Regarding a holomorphic map from the unit disc to an convex domain

I am trying to understand the proof of the following result: Let $$M$$ be a convex domain in $$\mathbb{C}^n$$. Let $$\mathbb{D}$$ be the open unit disc in $$\mathbb{C}$$. If $$\phi: \mathbb{D}\longrightarrow \bar{M}$$ is holomorphic then either $$\phi( \mathbb{D})\subset M$$ or $$\phi( \mathbb{D})\subset \partial M$$.

The proof goes like this: Assume that $$z\in \phi( \mathbb{D})\cap \partial M$$. By convexity, we can choose a $$\mathbb{C}$$ linear functional $$l$$ such that Re $$l(z)>$$Re $$l(w)$$ for every $$w\in M$$. Hence $$l(z)\in(l\circ \phi)( \mathbb{D})$$ lies in the boundary of $$l\circ \phi( \mathbb{D})$$. By the open mapping theorem, $$l\circ \phi$$ is constant, So that $$\phi( \mathbb{D})$$ cannot contain points in $$M$$. Hence $$\phi( \mathbb{D})\subset \partial M$$.
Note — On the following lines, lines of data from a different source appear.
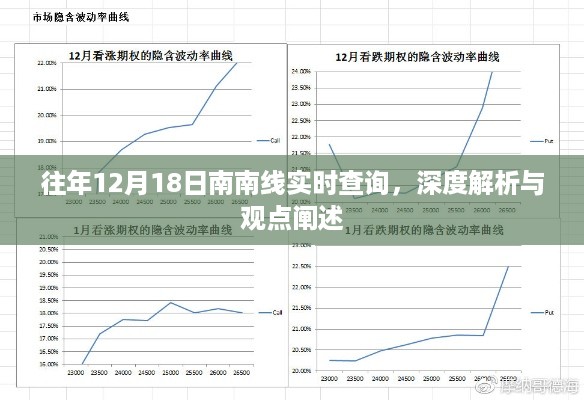 往年12月18日南南线实时查询深度解析与观点阐述报告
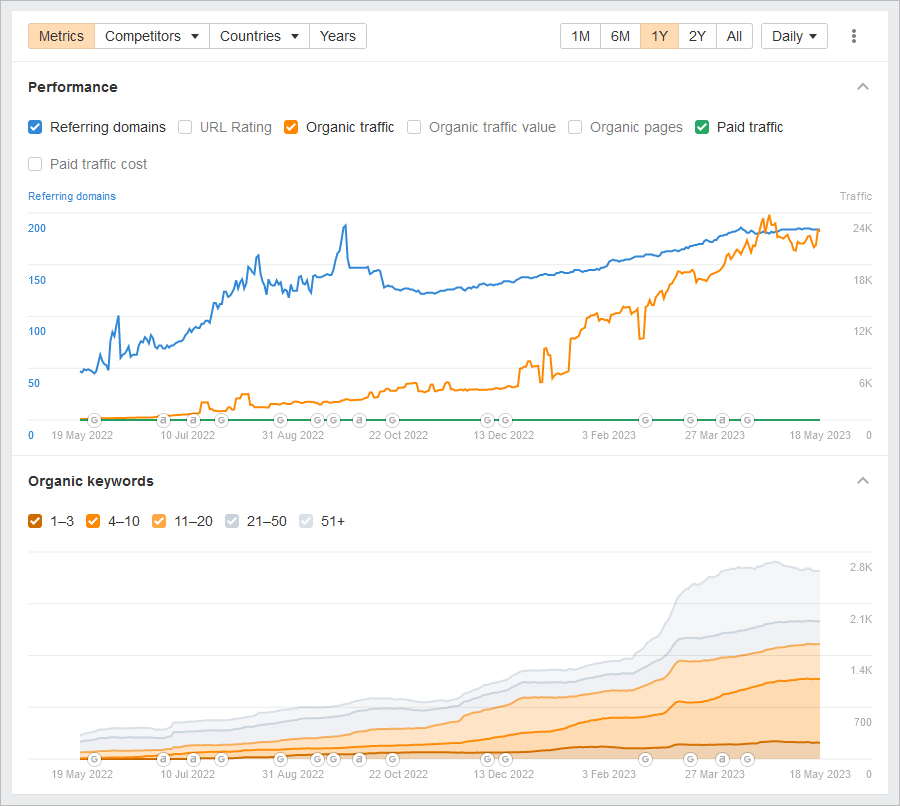 add more backlinks for SEO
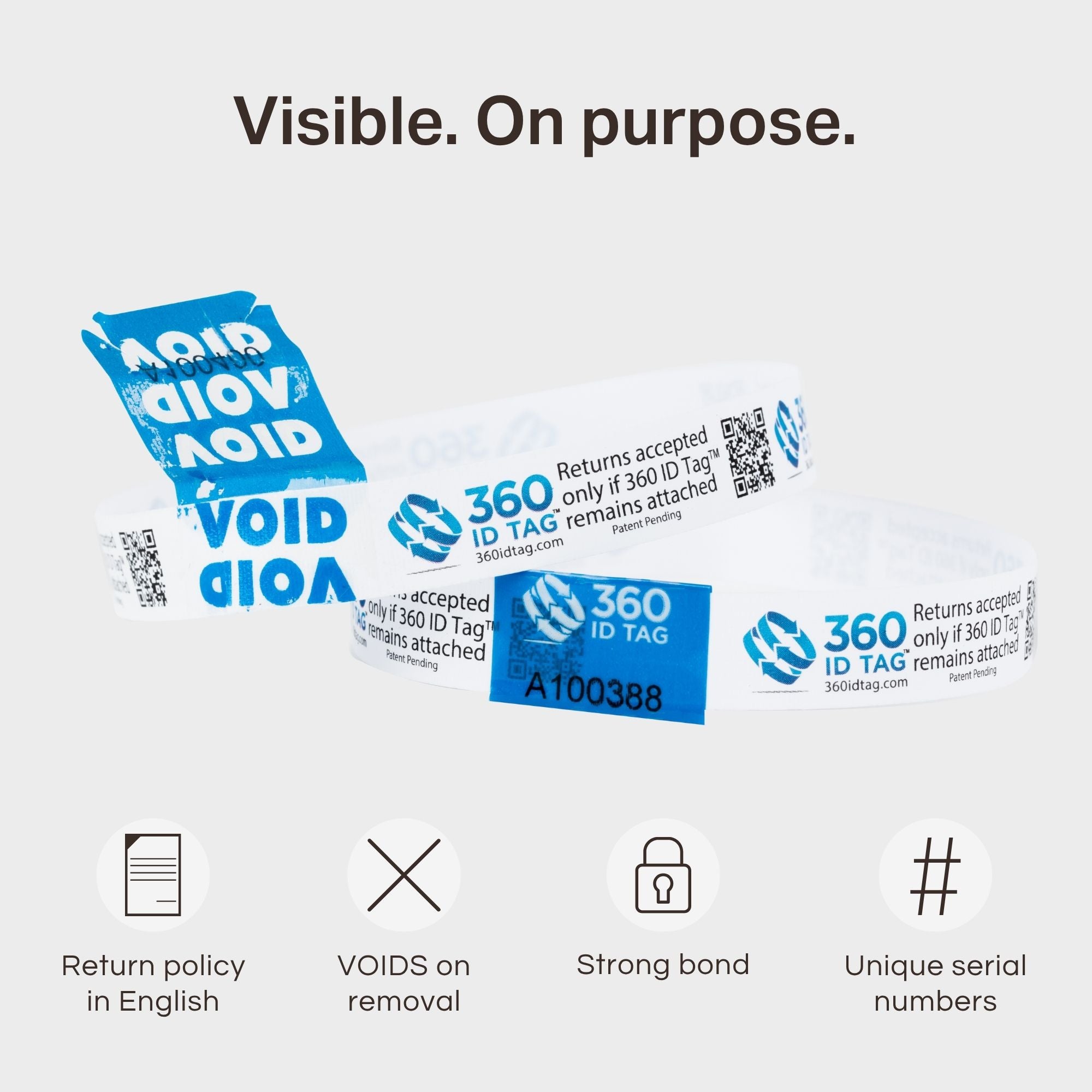 360 Return Label How to Prevent Holiday E-Commerce Return Fraud with Return Tags – 360 ...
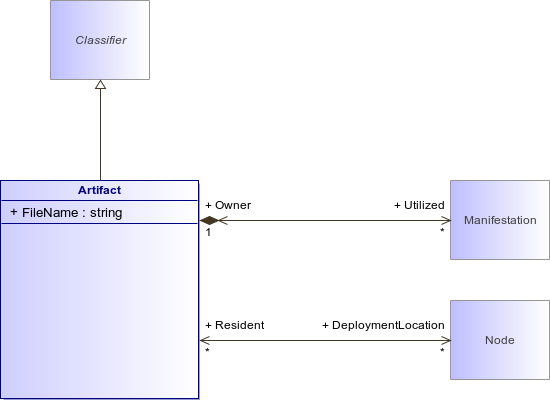 : Artifact (architecture_autodiagram)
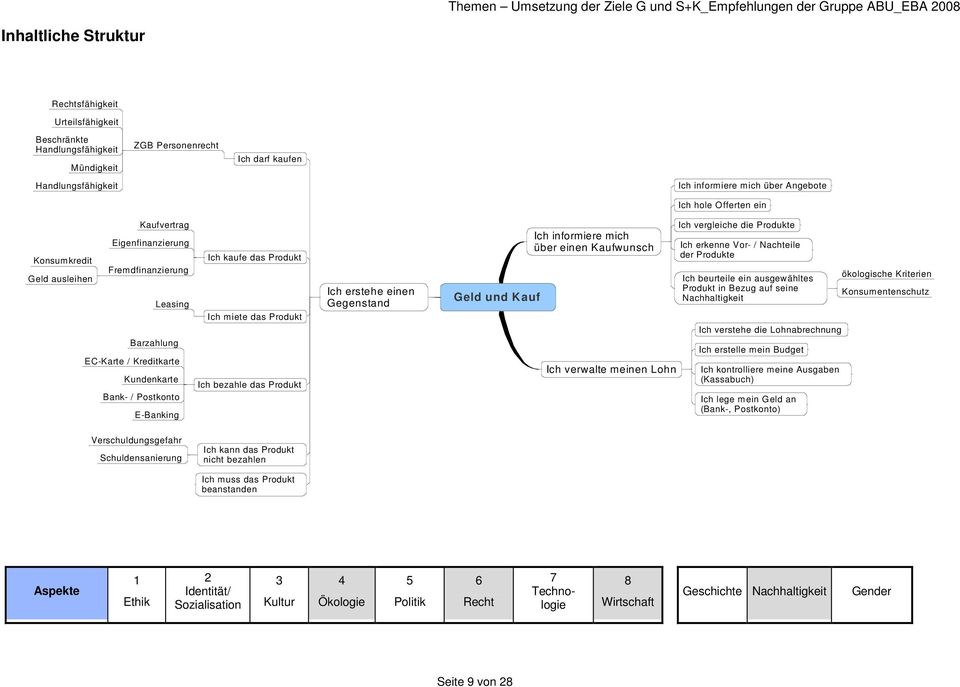 miete das Produkt Ich bezahle das Produkt Ich erstehe einen Gegenstand Geld und Kauf Ich informiere mich über einen Kaufwunsch Ich verwalte meinen Lohn Ich vergleiche die Produkte Ich erkenne Vor- /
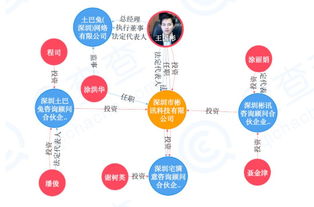 优居客破产揭露互联网家装资金池乱象,土巴兔6亿存管资金涉嫌无证经营支付业务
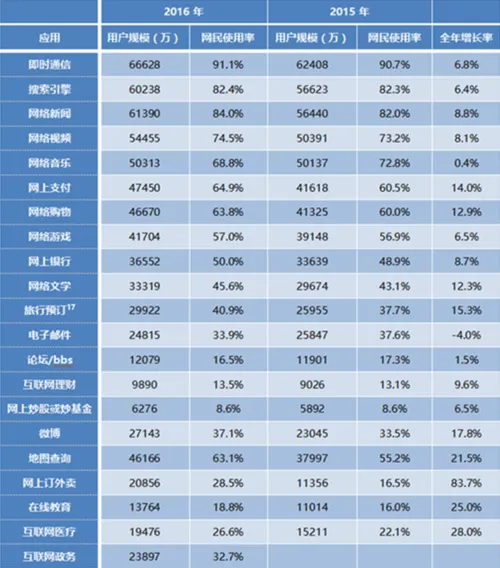 中国网民达7.31亿！近一半使用直播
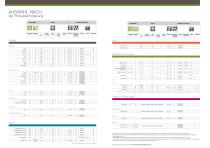 Akustikdeckensysteme -Technische Informationen - 4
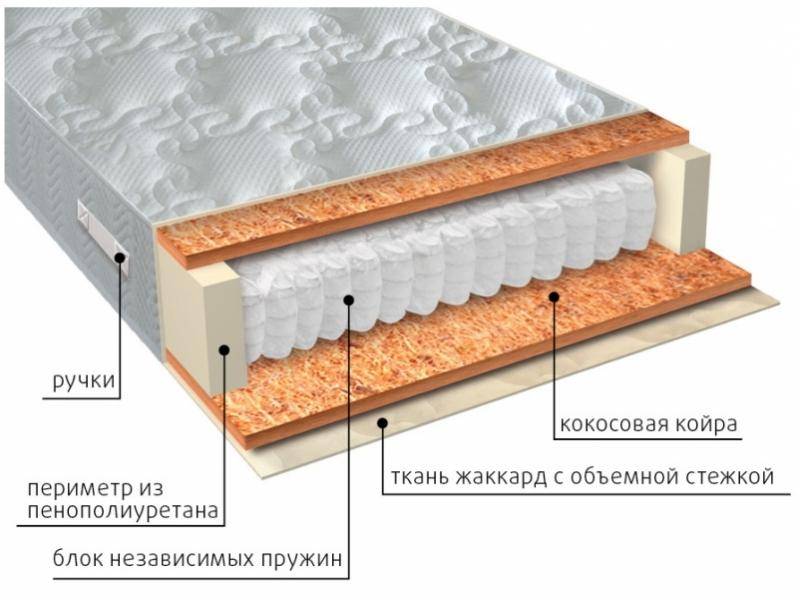 матрас мульти био в Новосибирске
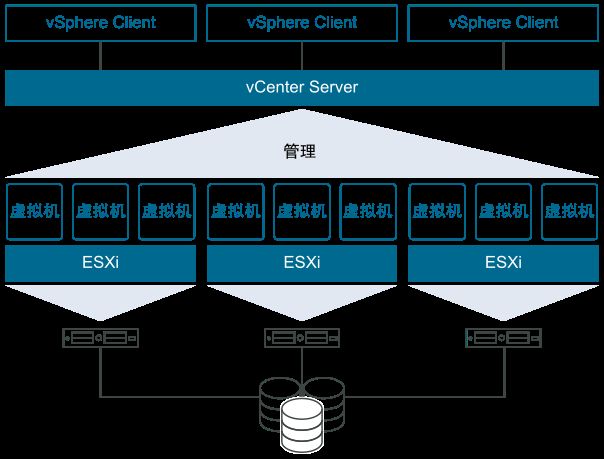 说明 ESXi 主机、vCenter Server、虚拟机和 vSphere Client 之间关系的 VMware vSphere 概览图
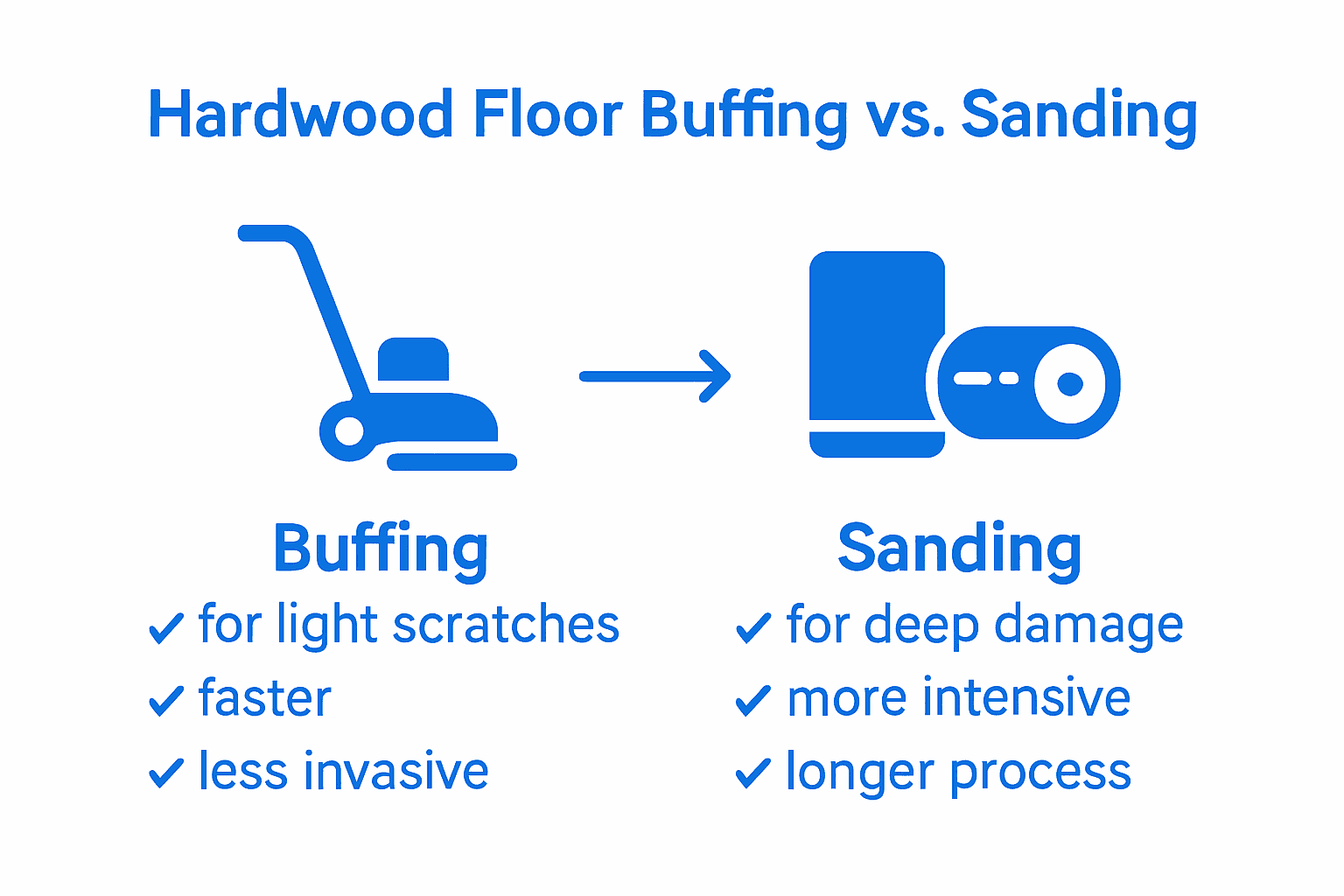 Infographic comparing buffing and sanding methods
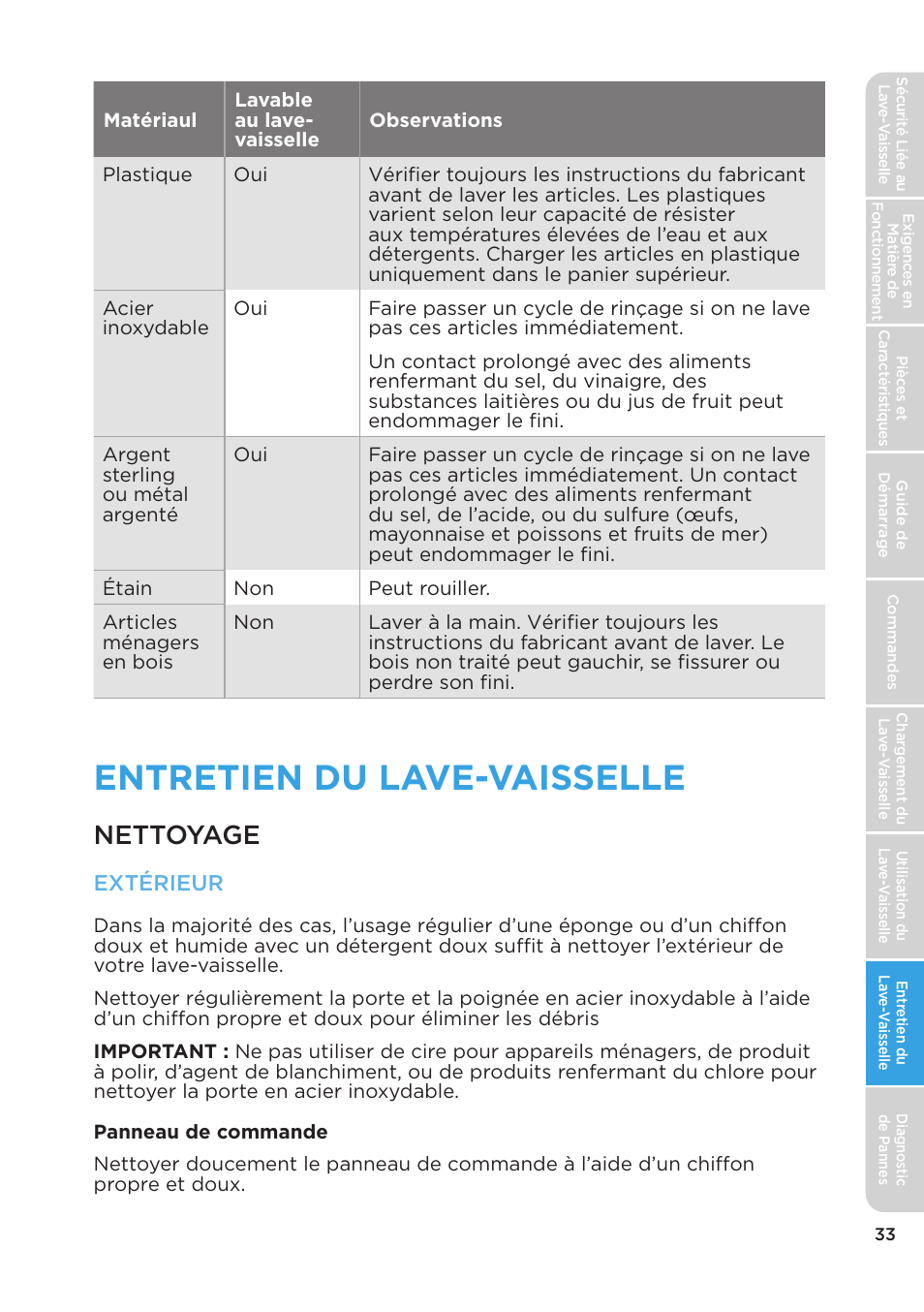 Entretien du lave-vaisselle, Nettoyage, Extérieur | MIDEA MDT24H3AST User Manual | Page 77 / 136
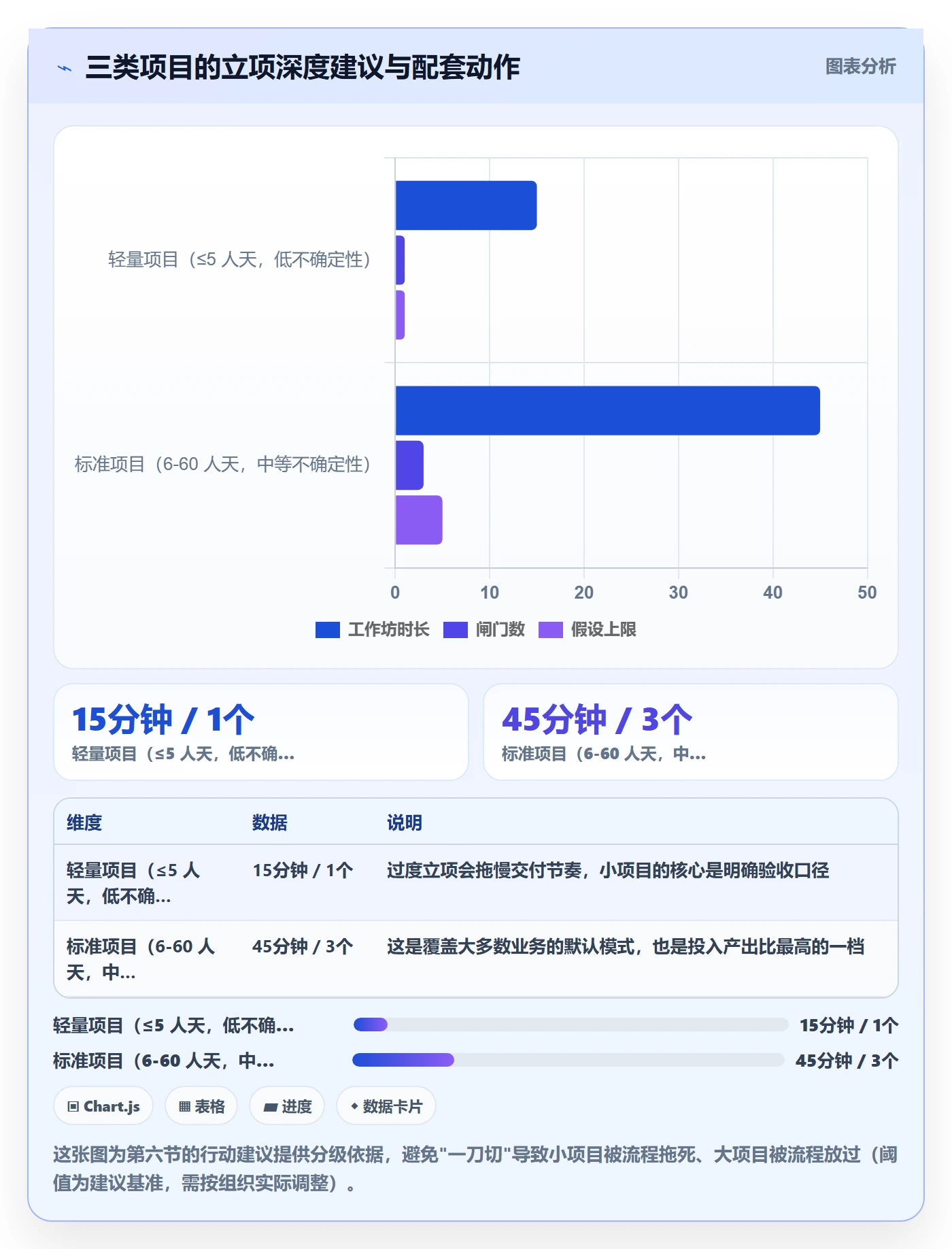 项目成员怎么做?企业管理者实操方法:项目立项从0到1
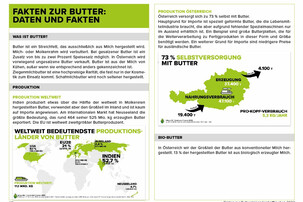 Factsheet Butter | © Land schafft Leben
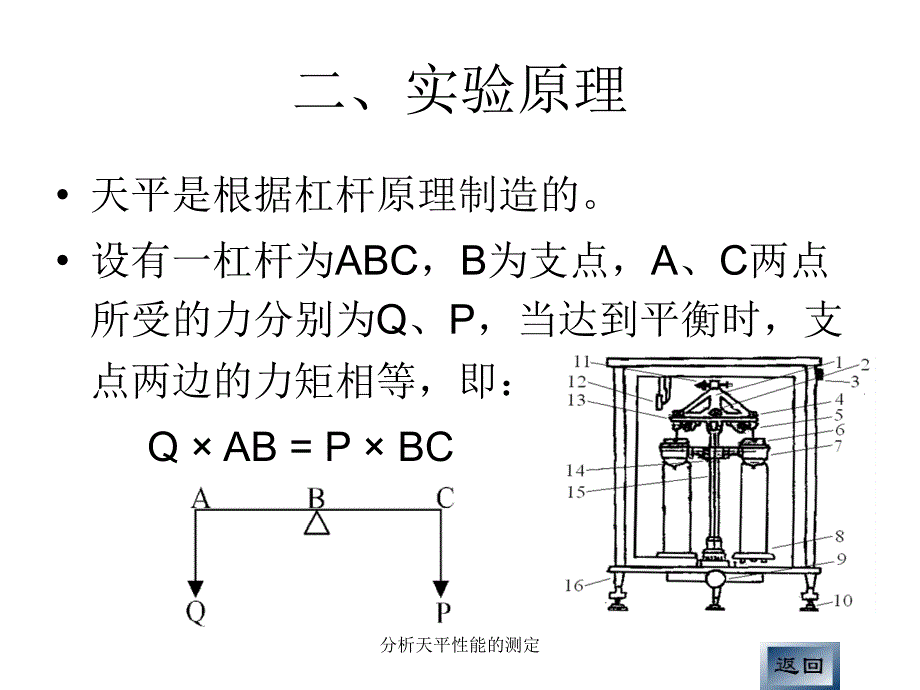 分析天平性能的测定课件_第3页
I was able to understand the proof till the part where we get $$l\circ \phi$$ is constant. But why does it imply that $$\phi( \mathbb{D})$$ cannot contain points in $$M$$?

If there exists $$w\in \mathbb{D}$$ such that $$\phi(w)\in M,$$ then $$\mathrm{Re}\; l\circ \phi(w)<\mathrm{Re}\;l(z)$$ by assumption. However, $$z\in \phi(\mathbb{D})$$ and thus, $$l\circ \phi$$ cannot be constant.